Mas o meu ponto é que várias dessas possibilidades já estão aí, mas ainda não foram encontradas, e o mundo das startups já sabe disso a um tempo. Nós temos tanta coisa a nossa disposição para desenvolver e criar soluções que, muitas vezes, basta apenas enxergar as coisas de uma outra maneira, fazer conexões que não tinham feito antes e pensar de um jeito que, talvez, alguém já pensou, mas não deu tempo de contar pro coleguinha do lado e você acabou nem sabendo ainda.

Agora, se quiser voltar um pouco mais ao presente, vamos esquecer os jogos oitentistas e pensar aí no menu de aplicativos do seu celular. Lembra de todos os apps que você instalou porque acabaram de entrar na moda? Ou então porque você leu um artigo que dizia como inovadora era essa ideia que três universitários tiveram e agora todo o mundo quer usar ele?

Em última instância, boa parte dessas ideias parecem tão simples quanto você pensa por esse lado, mas o grande marco foi quando alguém realmente viu que elas eram possíveis e colocaram em prática. Redes sociais já existiam desde muito tempo e as pessoas já mandavam muito SMS quando os caras do Twitter decidiram focar na união das duas.

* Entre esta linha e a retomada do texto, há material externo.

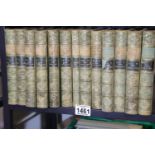 Alison's History of Europe 1774-1815 in twelve volumes plus index published by William Blackwood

Pokémon GO, que foi a grande febre “tecnológica” por um tempo aí, nada mais é que uma nova versão do Ingress, jogo feito em 2012, com realidade aumentada (que é pesquisada faz uns 40 anos já e contando) e os personagens de uma franquia criada nos anos 80. No fim das contas, os ingredientes já existiam, mas faltava alguém pra achar a receita certa.

A verdade é que, todo esse texto só surgiu porque eu queria falar de inovação, vi que Duck Hunt seria um bom exemplo e parecia que ninguém tinha feito isso antes. E, mesmo que não tenha sido uma boa ideia, o importante é que você comece a pensar no mundo hoje não só como uma lista de realizações e feitos, mas também como um universo de coisas ainda a se fazer. Vai que nessa brincadeira você faz um jogo que vende 13 milhões de cópias, né?